Beginning with the top line of the listing below, give again every line up to and including the line with "Folding Laundry Basket"; pictures do not belong in the copy.

> [INPUT DATA]:
========================

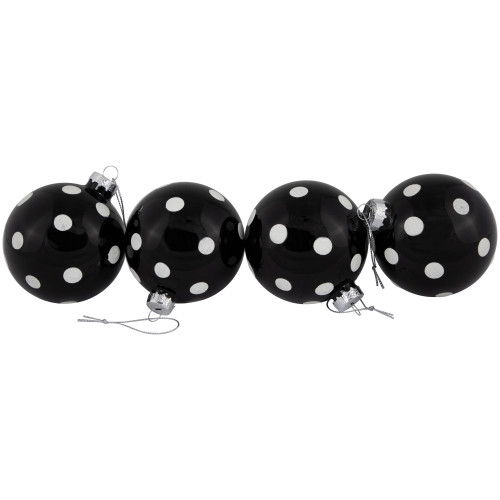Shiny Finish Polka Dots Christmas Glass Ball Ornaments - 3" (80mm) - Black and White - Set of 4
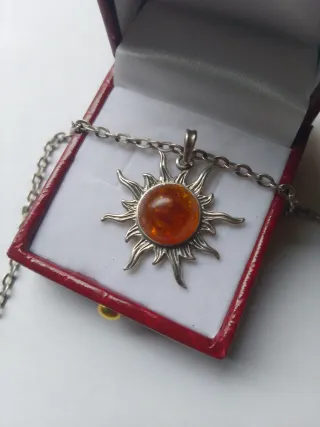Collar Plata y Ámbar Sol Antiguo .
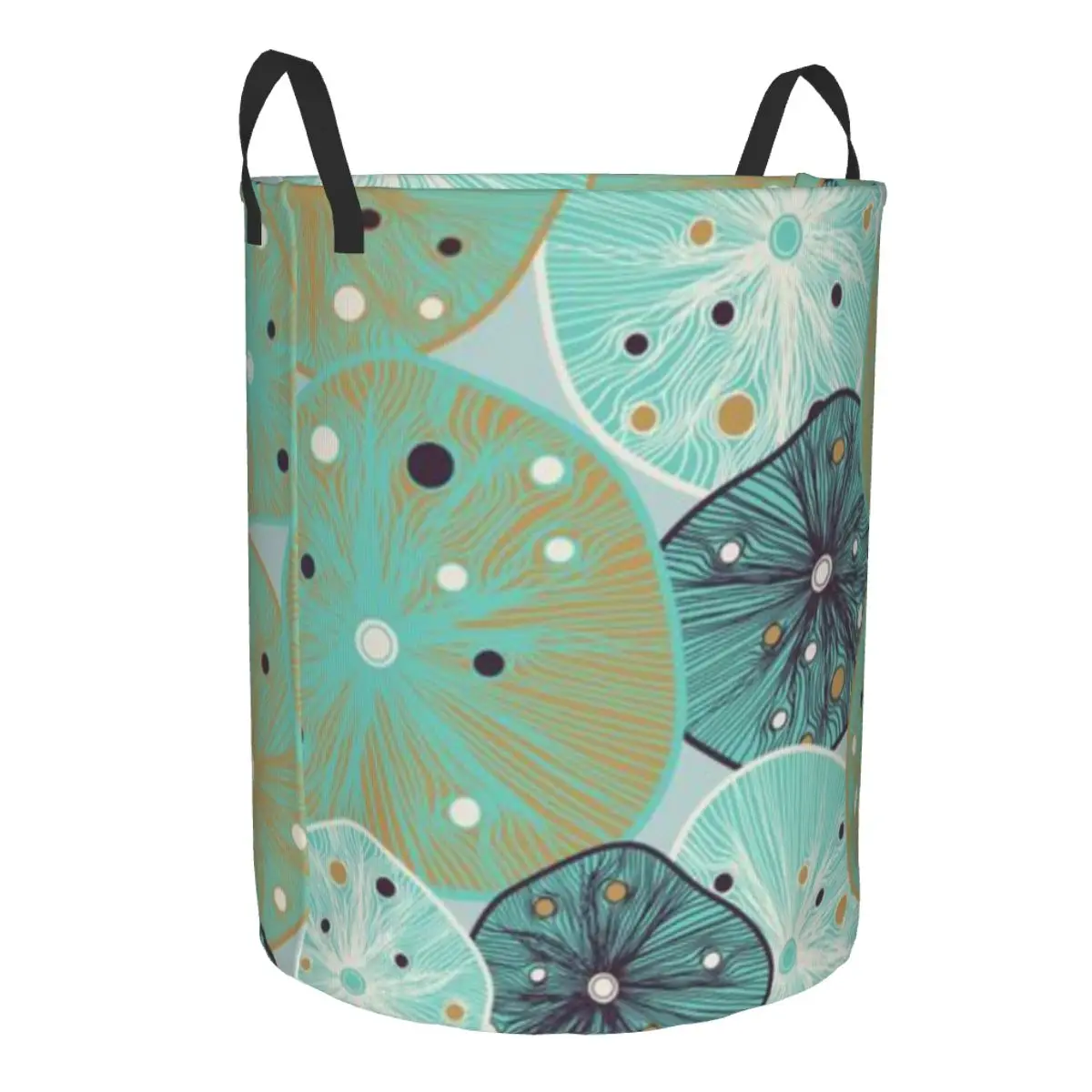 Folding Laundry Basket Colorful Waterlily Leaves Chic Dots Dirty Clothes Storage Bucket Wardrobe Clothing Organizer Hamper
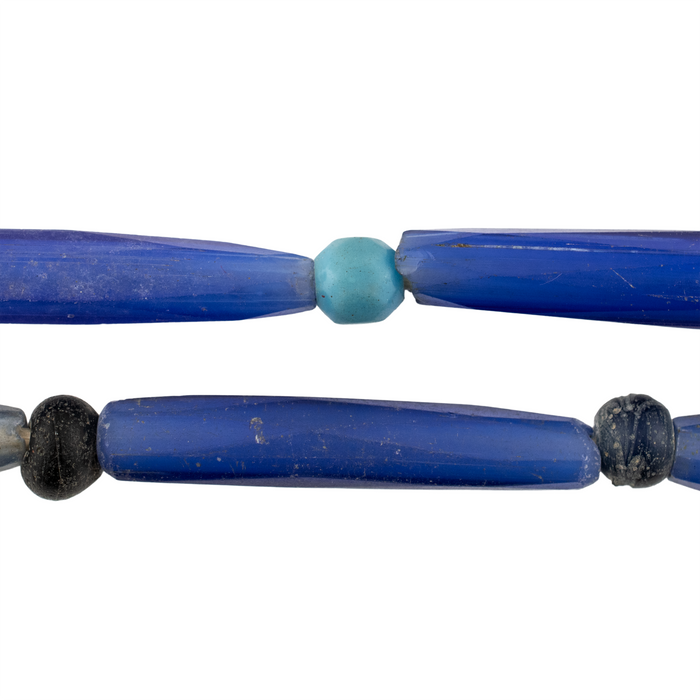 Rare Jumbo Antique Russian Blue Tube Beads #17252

========================

> [YOUR RESPONSE]:
Shiny Finish Polka Dots Christmas Glass Ball Ornaments - 3" (80mm) - Black and White - Set of 4
Collar Plata y Ámbar Sol Antiguo .
 Folding Laundry Basket Colorful Waterlily Leaves Chic Dots Dirty Clothes Storage Bucket Wardrobe Clothing Organizer Hamper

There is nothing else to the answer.